Rector's Reflections 6 February 2025

Rector’s Reflections   

Thursday 6th February 2025

Why Thomas More Matters

In yesterday’s reflections, I shared some thoughts on Thomas’ Dialogue of Comfort, which he wrote while he was imprisoned in the Tower of London.  When Thomas had finished this work,  it turned out that he had time to write another book as well, before the time came when he would led out for execution. We can imagine Thomas setting down to write, knowing that at anytime he might be led out to die.  This knowledge would certainly serve to focus the mind.  Imagine yourself in Thomas’ position.  The end might come at any moment. You are a faithful Christian, and you know you will be executed because of your sincerely held beliefs.  You have the opportunity to put your thoughts down on paper.  You will hope they will be read by your friends and family after your death. So what do say? What do you write about?

Thomas decided to write a spiritual book about the death of Jesus, with the title  Treatise on the Passion.  Thomas began writing it in English, and then moved into Latin.  I do not know why Thomas made this change.  As a skilled Humanist, he was equally at home in both English and Latin. Perhaps he was thinking that his work might be of interest to Christians in other countries, so it made sense to switch to Latin, which would be widely understood by Christians and academics throughout Western Europe. One his grandchildren, Mary Basset, later translated the Latin into English, so that the work could reach a wider audience.

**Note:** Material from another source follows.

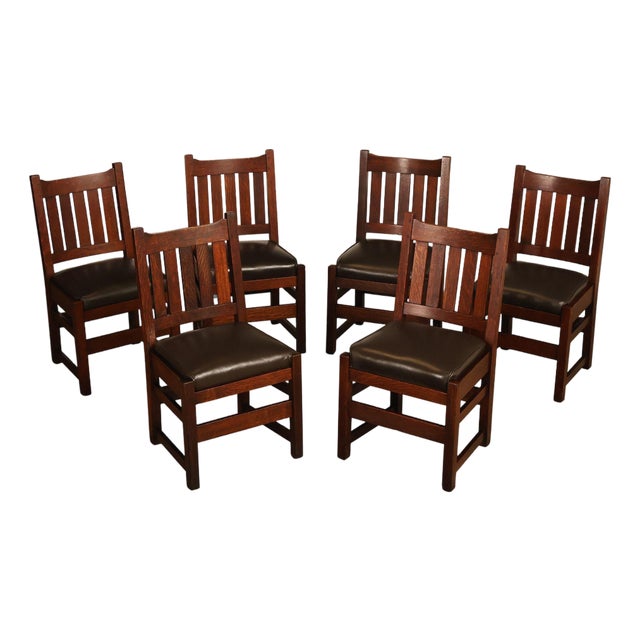 L&JG Stickley Antique Set Of Six U-Back Oak Dining Chairs Model #820 For Sale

For a Christian facing the prospect of death,  it made sense to meditate and reflect on the Passion of Christ. It was also a popular form of spirituality in the Late Middle Ages, and Thomas’ spirituality was formed during this period. He is often associated with all the new beginnings which were so much part of 16th Century Europe, especially the Renaissance and the Reformation,  but I think it is better to see Thomas as a flower of the Late Middle Ages. After all, Thomas  was born back in the 1478, and it was not until he well into his 30s or even 40s before  English culture and society began to make any significant move away from the world of the Middle Ages.

By the time Thomas came to write his Treatise on the Passion, he was a frightened man. Yes, he had a confident faith. But he was also a human being, and he was understandably fearful. He knew that he was about to be executed,  and it was quite possible that he would he would killed in a particularly gruesome fashion. Thomas was fearful, and we think the better of  him for this.  

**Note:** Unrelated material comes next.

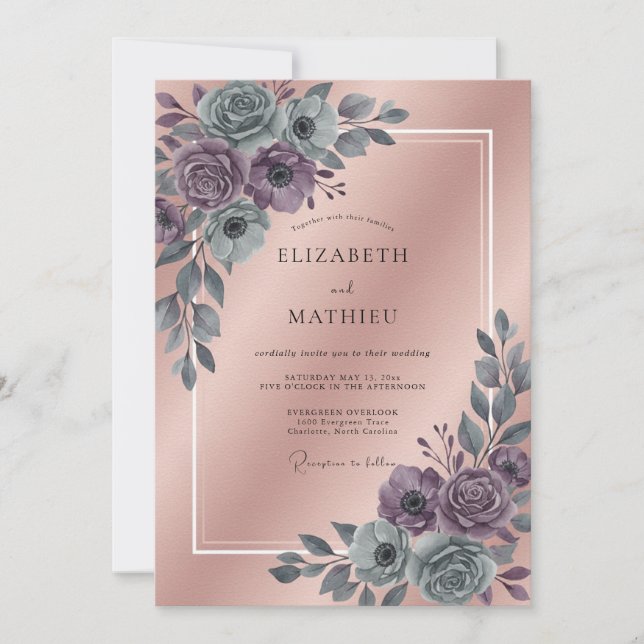 Amethyst Slate Watercolor Wedding Invitation (Front)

So Thomas writes for fearful Christians –  to comfort his friends and family,  and perhaps above all, to comfort himself.   And in the course of his writing, he imagines Christ speaking the following words:

“Pluck up thy courage, faint heart; what though thou be fearful, sorry and weary, and standest in great dread of most painful torments, be of good comfort; for I myself have vanquished the whole world, and yet felt I far mor fear, sorrow, weariness, and much more inward anguish, too, when I considered my most bitter, painful Passion to press so fast upon me”.

 

“Pluck up thy courage”.  How often we need to hear Jesus speaking those words to us in our own lives, as we face our various  trials and tribulations.   “Pluck up thy courage” might well be an excellent motto for any Christian’s life.